Harry Potter’ın popüler raflardaki varlığı devam ediyor. Bir edebiyat eserinin film yolculuğunun ardından tiyatroya yolu düşüyor ve ardından bambaşka kitaplarla yolculuk çeşitleniyor. Bizim Diriliş Ertuğrul’un da benzer bir yolculuğa çıkacağını tahmin ediyorum.
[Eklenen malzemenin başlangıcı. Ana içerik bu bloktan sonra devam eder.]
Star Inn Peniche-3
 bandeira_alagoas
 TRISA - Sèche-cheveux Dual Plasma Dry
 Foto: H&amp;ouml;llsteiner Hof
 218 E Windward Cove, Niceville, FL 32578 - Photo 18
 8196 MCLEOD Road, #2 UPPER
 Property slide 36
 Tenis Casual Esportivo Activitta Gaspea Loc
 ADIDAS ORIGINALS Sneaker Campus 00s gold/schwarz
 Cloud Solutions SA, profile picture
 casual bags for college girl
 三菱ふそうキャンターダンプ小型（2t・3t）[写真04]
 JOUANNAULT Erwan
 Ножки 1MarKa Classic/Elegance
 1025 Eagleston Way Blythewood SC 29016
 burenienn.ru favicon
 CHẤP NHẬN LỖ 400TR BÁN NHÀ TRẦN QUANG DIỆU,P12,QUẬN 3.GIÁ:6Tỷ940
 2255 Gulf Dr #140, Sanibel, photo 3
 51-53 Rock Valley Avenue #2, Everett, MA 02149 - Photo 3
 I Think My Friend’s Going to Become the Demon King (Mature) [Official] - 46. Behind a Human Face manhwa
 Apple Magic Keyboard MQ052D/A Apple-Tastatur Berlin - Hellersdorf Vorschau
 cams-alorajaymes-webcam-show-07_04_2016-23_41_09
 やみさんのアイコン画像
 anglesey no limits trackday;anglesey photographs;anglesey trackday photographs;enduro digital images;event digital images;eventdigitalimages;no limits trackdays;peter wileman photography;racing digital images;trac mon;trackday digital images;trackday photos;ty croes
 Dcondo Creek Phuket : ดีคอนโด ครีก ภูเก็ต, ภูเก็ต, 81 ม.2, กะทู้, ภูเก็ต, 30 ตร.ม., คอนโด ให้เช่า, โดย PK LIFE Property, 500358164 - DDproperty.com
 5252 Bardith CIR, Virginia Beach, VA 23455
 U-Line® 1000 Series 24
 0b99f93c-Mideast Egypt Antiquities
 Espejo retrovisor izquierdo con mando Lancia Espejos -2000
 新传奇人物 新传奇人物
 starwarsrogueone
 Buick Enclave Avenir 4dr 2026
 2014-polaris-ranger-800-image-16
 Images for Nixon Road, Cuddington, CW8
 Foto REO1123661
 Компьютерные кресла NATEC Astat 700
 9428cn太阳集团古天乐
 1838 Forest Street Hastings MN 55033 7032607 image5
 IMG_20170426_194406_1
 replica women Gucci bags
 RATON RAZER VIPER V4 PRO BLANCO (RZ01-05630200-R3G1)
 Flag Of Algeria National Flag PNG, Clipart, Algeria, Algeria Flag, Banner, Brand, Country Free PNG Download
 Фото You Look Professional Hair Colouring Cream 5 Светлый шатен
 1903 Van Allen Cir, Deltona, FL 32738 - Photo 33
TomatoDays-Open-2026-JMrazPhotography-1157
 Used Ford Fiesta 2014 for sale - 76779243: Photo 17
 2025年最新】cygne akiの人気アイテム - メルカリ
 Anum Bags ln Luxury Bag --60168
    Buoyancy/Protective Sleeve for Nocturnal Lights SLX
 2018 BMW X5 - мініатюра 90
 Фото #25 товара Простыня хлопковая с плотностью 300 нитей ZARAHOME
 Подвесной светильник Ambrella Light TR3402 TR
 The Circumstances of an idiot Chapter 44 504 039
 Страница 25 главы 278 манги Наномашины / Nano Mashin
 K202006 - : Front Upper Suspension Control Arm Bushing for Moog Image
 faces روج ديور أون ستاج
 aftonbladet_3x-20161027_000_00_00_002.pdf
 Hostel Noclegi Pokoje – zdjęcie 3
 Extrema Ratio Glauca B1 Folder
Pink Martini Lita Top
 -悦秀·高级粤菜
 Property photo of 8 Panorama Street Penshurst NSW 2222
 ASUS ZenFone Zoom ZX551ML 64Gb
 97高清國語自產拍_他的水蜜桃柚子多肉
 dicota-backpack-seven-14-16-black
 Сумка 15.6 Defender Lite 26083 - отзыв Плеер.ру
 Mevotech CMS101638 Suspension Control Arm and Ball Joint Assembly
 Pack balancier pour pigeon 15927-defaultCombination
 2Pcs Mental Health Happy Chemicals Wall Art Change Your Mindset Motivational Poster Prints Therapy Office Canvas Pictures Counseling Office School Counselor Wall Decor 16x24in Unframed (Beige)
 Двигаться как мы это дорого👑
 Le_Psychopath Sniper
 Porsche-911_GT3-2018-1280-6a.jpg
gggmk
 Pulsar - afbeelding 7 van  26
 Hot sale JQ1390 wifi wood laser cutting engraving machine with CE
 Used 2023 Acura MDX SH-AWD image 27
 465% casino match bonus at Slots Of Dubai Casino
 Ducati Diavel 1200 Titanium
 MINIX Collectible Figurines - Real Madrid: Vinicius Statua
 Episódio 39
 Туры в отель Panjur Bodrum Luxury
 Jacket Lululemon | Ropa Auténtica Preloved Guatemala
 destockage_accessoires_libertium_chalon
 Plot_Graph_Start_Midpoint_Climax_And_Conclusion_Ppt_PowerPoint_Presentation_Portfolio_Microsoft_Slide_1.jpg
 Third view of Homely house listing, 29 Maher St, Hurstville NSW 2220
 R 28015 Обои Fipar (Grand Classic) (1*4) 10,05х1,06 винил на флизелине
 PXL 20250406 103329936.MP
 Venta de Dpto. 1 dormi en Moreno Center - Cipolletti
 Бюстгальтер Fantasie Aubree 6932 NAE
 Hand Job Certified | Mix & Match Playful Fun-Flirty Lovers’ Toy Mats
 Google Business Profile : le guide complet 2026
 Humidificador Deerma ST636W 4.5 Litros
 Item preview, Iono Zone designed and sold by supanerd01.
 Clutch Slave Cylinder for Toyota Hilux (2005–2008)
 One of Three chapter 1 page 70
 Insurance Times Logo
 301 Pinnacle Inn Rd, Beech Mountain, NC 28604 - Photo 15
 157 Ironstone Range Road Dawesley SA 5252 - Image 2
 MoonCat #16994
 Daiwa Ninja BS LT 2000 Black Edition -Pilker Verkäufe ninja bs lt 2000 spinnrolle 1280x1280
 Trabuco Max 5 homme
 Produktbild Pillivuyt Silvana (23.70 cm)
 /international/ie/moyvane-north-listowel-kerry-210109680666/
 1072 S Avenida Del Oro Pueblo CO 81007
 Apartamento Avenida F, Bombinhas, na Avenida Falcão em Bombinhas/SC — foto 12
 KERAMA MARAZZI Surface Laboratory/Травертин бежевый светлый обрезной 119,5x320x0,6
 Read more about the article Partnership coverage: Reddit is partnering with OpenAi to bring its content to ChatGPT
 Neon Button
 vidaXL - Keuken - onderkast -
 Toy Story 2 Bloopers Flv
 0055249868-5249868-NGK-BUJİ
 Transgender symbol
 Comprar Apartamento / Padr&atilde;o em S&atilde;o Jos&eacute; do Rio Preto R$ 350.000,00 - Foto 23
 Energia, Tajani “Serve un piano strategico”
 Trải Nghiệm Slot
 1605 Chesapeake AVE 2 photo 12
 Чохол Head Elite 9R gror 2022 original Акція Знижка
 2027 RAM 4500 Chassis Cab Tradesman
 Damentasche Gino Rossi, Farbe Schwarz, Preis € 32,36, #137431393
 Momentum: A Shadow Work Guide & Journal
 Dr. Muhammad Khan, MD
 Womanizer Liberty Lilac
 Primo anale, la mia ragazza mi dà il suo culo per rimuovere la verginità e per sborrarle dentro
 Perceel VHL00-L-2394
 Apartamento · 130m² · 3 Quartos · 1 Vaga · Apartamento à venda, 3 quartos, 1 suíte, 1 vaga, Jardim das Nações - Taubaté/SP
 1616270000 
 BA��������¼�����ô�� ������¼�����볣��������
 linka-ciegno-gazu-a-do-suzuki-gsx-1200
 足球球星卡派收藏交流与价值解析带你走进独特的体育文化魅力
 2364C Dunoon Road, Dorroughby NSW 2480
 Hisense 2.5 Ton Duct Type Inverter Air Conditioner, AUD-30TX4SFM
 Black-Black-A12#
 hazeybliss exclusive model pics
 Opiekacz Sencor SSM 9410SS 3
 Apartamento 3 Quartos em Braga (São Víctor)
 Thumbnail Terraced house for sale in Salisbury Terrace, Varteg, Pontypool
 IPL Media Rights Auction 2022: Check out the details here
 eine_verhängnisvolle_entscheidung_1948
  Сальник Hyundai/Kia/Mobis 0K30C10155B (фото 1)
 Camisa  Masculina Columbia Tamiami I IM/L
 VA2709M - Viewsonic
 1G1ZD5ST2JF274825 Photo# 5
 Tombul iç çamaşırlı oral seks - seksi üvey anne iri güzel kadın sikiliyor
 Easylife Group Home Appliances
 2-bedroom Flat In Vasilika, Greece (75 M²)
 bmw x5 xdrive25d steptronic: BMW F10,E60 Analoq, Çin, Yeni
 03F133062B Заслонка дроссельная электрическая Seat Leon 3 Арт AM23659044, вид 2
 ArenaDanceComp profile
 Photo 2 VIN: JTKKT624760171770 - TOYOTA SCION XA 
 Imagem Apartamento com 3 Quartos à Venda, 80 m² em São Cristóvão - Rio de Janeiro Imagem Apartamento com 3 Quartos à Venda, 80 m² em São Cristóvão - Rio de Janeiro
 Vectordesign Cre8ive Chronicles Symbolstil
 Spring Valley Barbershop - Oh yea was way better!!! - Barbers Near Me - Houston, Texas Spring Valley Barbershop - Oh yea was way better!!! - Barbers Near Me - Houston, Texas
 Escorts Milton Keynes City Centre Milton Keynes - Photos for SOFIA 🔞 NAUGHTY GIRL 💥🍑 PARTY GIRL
Kitapçıda geçen zamanda kitapçıları neden sevdiğimi bir defa daha anladım. Bir defa sessiz yerler. Ama ölüm sessizliği yok. Bir kütüphane değil yani. Ama öte yandan hareket eden insanlar var ve içinde bulunduğum Foyles kitabevinin veciz şekilde söylediği gibi “Burada dostlarınızın arasındasınız.” Farklı dillerdeki kitapların meraklıları kitapçıyı gezmeye devam ederken yorulduk ve en üst kattaki kafe kısmında bir süre dinlendik. Sonra kitapları karıştırmaya devam ettik. İstanbul’un en büyük eksiği büyük ama çok büyük bir kitapçı. İçinde bir gün geçirebileceğimiz büyük bir kitapçı olsa ne kadar farklı olursa olsun tüm fikirlerimizi içine yerleştirebilirdik. Kafamızı şişirmeden anlaşmanın yolunu bulmuş olurduk. Gürültü çağında sessizlik sizce de iyi fikir değil mi?